* Information provided *

= = = = =

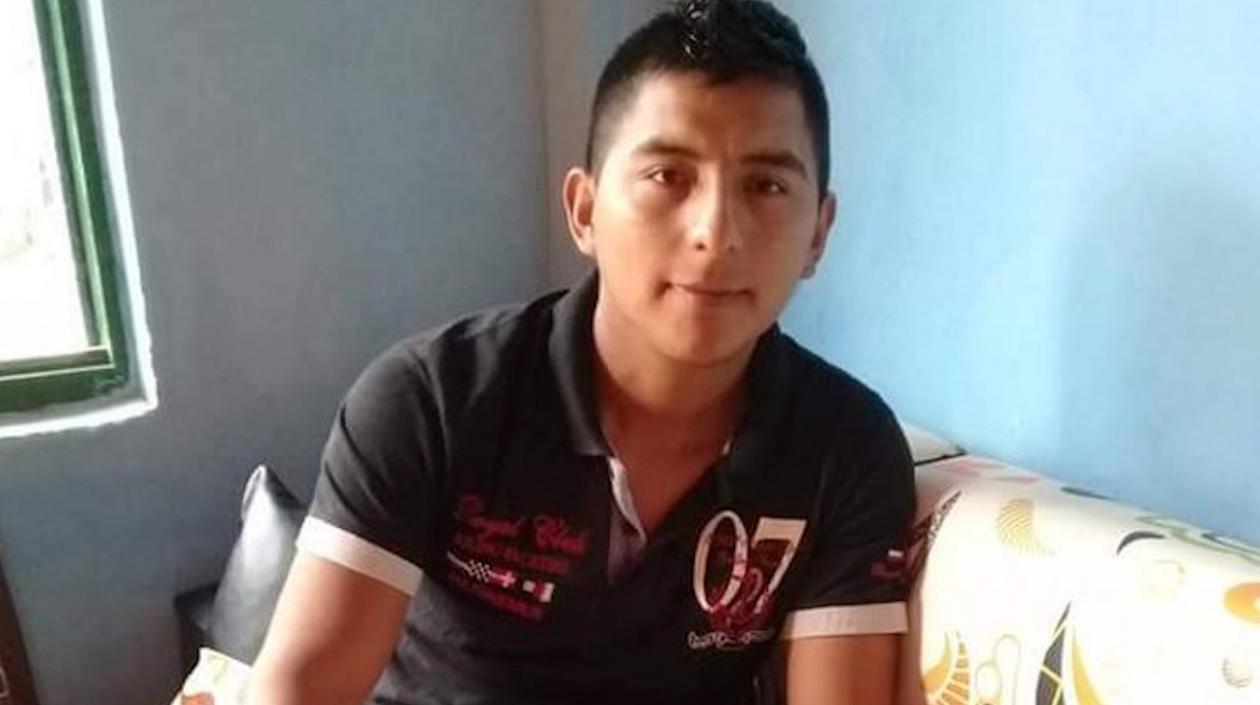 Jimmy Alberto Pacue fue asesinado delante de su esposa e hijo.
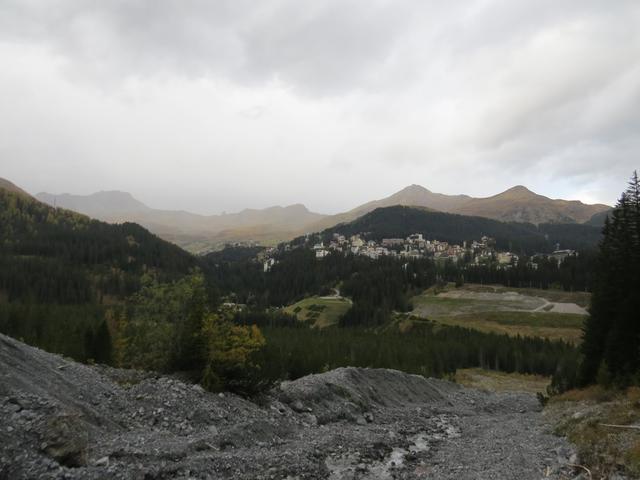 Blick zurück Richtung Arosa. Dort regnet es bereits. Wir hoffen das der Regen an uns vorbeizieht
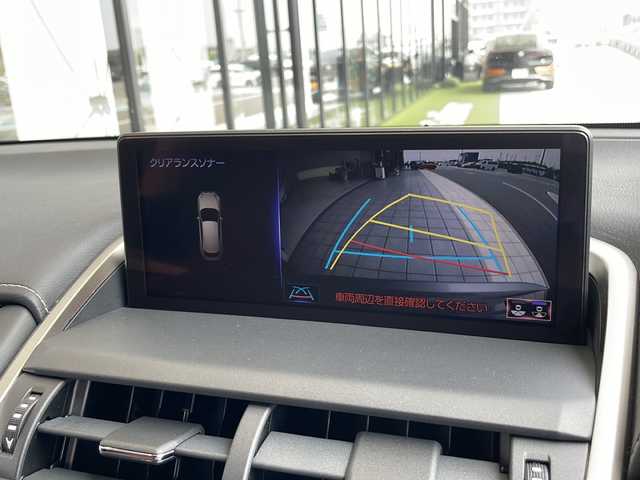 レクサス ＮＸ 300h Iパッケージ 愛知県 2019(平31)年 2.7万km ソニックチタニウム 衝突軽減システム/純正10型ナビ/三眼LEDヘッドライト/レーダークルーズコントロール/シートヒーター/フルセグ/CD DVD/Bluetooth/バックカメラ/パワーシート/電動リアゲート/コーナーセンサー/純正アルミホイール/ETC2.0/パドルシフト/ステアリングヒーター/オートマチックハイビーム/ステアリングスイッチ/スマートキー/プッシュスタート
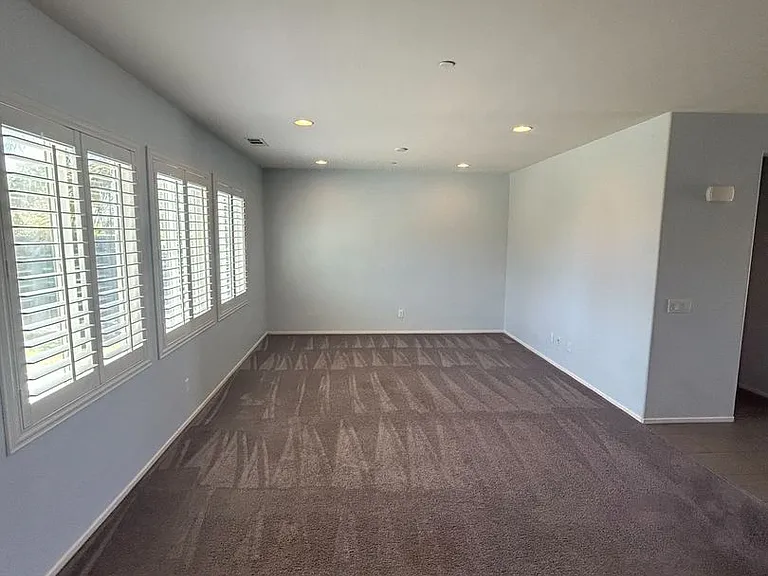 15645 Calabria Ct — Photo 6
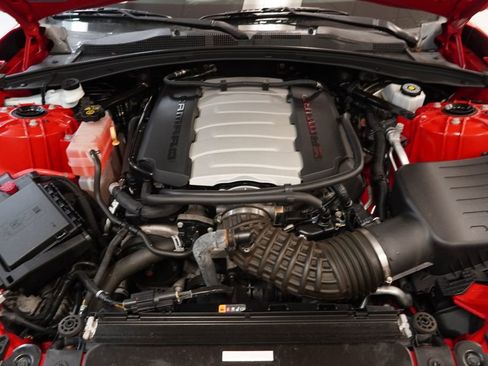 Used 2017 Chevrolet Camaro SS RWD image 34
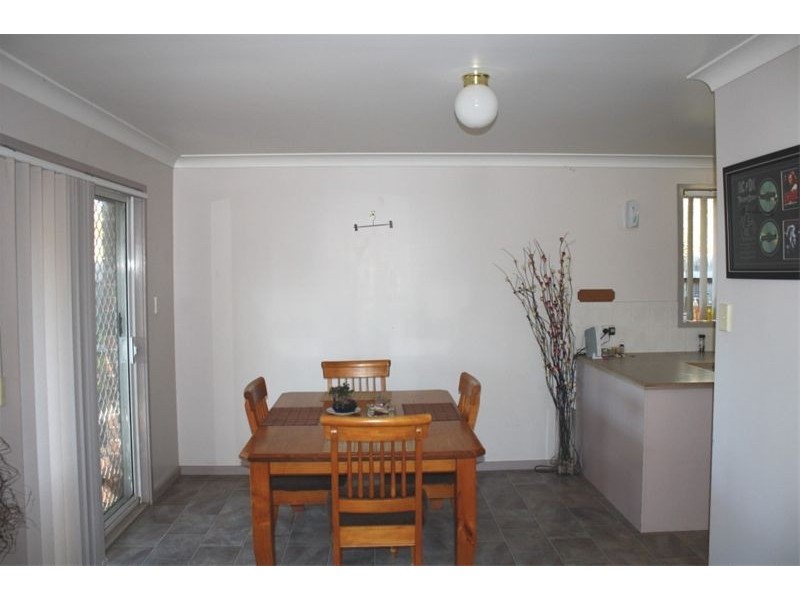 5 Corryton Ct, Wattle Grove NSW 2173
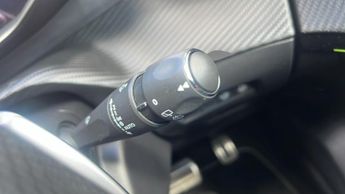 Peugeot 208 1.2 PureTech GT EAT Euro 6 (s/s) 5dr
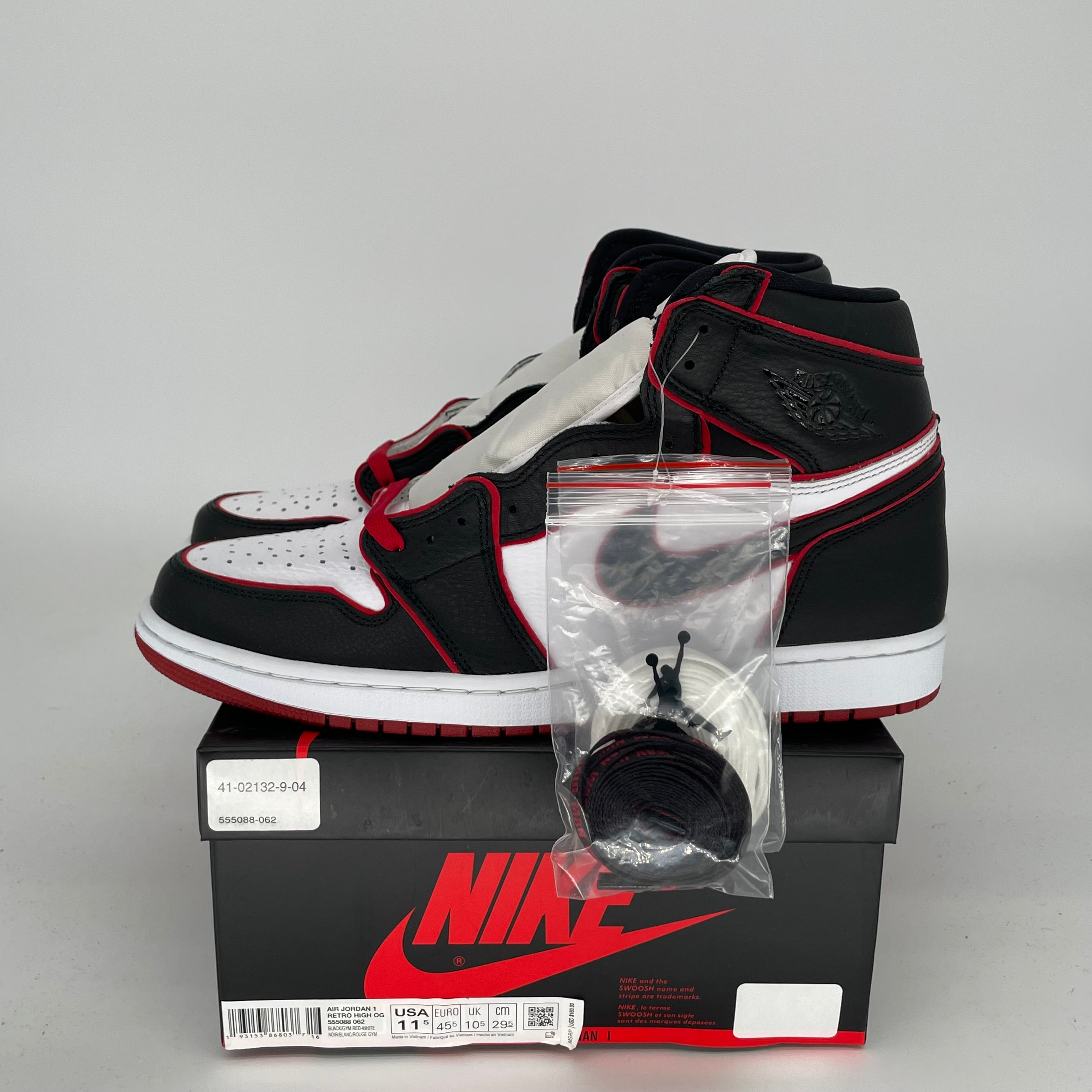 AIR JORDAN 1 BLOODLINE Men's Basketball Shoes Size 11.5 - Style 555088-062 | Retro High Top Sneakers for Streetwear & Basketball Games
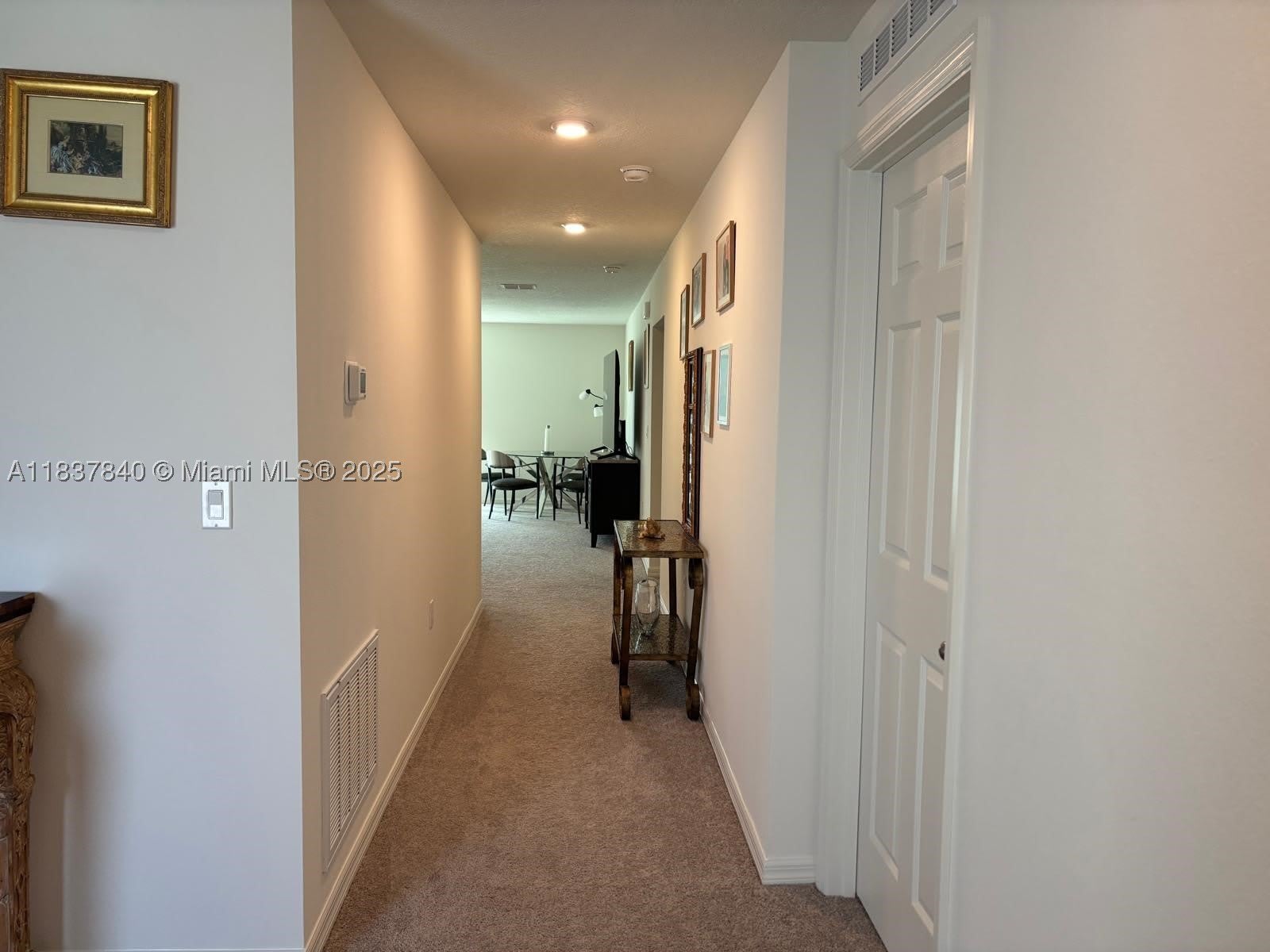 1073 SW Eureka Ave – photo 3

= = = = =

* Work order *
Only text belongs in the copy: repeat each line of the data exactly and leave out the pictures.

* Output for this task *
 Jimmy Alberto Pacue fue asesinado delante de su esposa e hijo.
 Blick zurück Richtung Arosa. Dort regnet es bereits. Wir hoffen das der Regen an uns vorbeizieht
 レクサス ＮＸ 300h Iパッケージ 愛知県 2019(平31)年 2.7万km ソニックチタニウム 衝突軽減システム/純正10型ナビ/三眼LEDヘッドライト/レーダークルーズコントロール/シートヒーター/フルセグ/CD DVD/Bluetooth/バックカメラ/パワーシート/電動リアゲート/コーナーセンサー/純正アルミホイール/ETC2.0/パドルシフト/ステアリングヒーター/オートマチックハイビーム/ステアリングスイッチ/スマートキー/プッシュスタート
 15645 Calabria Ct — Photo 6
 Used 2017 Chevrolet Camaro SS RWD image 34
 5 Corryton Ct, Wattle Grove NSW 2173
 Peugeot 208 1.2 PureTech GT EAT Euro 6 (s/s) 5dr
 AIR JORDAN 1 BLOODLINE Men's Basketball Shoes Size 11.5 - Style 555088-062 | Retro High Top Sneakers for Streetwear & Basketball Games
 1073 SW Eureka Ave – photo 3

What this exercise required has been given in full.